Example: Let $S^1$ denote the unit circle in $\mathbb{R}^2$. Consider the following two different local parametrizations of $S^1$ around the point $p=\left(\sqrt{\frac{1}{2}},\sqrt{\frac{1}{2}}\right)$: $$\varphi:(-1,1)\to S^1,\qquad t\mapsto\left(\sqrt{1-t^2},t\right)$$ and $$\psi:\left(-\frac{\pi}{2\sqrt{2}},\frac{\pi}{2\sqrt{2}}\right)\to S^1,\qquad s\mapsto\left(\cos\left(\sqrt{2}s\right),\sin\left(\sqrt{2}s\right)\right).$$ Consider the tangent vector $v\in T_pS^1$ given by $$v=-\frac{\partial}{\partial x}+\frac{\partial}{\partial y}=\frac{d\varphi}{dt}\left(\sqrt{\frac{1}{2}}\right)=\frac{d\psi}{dt}\left(\frac{\pi}{4\sqrt{2}}\right).$$ Let $f:S^1\to\mathbb{R}$ be given by $(x,y)\mapsto y$. Then the composition $f\circ\varphi$ is given by $t\mapsto t$, whereas the composition $f\circ\psi$ is given by $s\mapsto\sin \left(\sqrt{2}s\right).$ Let us compute the second derivative of $f$ with respect to both parametrizations: $$\frac{d^2(f\circ\varphi)}{dt^2}\left(\sqrt{\frac{1}{2}}\right)=0,\qquad \frac{d^2(f\circ\psi)}{ds^2}\left(\frac{\pi}{4\sqrt{2}}\right)=-2\sin\left(\sqrt{2}\frac{\pi}{4\sqrt{2}}\right)=-\sqrt{2}.$$ Hence, each parametrization leads to a different result, implying that the second derivative $d^2f(v,v)$ is not well-defined.
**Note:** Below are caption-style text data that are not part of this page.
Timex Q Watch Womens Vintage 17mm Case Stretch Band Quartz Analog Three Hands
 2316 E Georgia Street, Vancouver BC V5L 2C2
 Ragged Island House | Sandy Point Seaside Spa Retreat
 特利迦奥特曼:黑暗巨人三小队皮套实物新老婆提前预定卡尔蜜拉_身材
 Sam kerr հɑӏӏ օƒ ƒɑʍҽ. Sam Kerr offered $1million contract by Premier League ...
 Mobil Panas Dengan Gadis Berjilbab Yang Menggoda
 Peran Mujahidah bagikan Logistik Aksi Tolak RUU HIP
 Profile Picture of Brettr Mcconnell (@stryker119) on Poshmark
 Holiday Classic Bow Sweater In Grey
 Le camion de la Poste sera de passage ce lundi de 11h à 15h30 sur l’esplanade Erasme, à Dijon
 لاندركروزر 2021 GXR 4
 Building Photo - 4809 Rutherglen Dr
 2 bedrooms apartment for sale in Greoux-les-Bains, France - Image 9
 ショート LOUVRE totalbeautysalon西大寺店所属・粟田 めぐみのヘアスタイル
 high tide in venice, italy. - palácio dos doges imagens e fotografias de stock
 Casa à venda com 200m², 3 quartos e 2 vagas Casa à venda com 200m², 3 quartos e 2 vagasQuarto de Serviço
Discussion: The second derivative is, in fact, well-defined in the following sense. If $X$ and $Y$ are two vector fields on a smooth manifold $M$, then for a smooth $f:M\to\mathbb{R}$ the second derivative $X(Y(f))$ is a perfectly legit, coordinate free expression. Indeed, the first derivative $Y(f)$ is well-defined at every point and thus defines a new function. Then, the derivative $X(Y(f))$ is well-defined as the (first) derivative of a well-defined function. The question at hand could be posed as follows:
Question: Let $X,X',Y,Y'$ be vector fields on a smooth manifold $M$, and let $p\in M$ such that $X(p)=X'(p)$ and $Y(p)=Y'(p)$. Let $f:M\to\mathbb{R}$ be smooth (or at least twice differentiable). Do we have $$X(Y(f))(p)=X'(Y'(f))(p)?$$
The answer to the question is no, but let us see why. First, note that replacing $X$ by $X'$ does not affect the result. Indeed, the first derivative $Y(f)$ is a well-defined function, and so, the second derivative $X(Y(f))(p)$ only depends on the value of $X$ at $p$. On the other hand, replacing $Y$ by $Y'$ does affect the result. Let us calculate: \begin{align}X(Y(f))(p)-X(Y'(f))(p)&=X\left(Y(f)-Y'(f)\right)(p)\\&=X((Y-Y')(f))(p).\end{align} Now, since $Y(p)=Y'(p)$, we have $(Y-Y')(f)(p)=0$. But, in general, we have $(Y-Y')(f)(q)\ne0$ for $q\ne p$. Hence, the derivative $X((Y-Y')(f))(p)$ is just the directional derivative of a function which vanishes at $p$. There is no reason to expect such a derivative to vanish as well.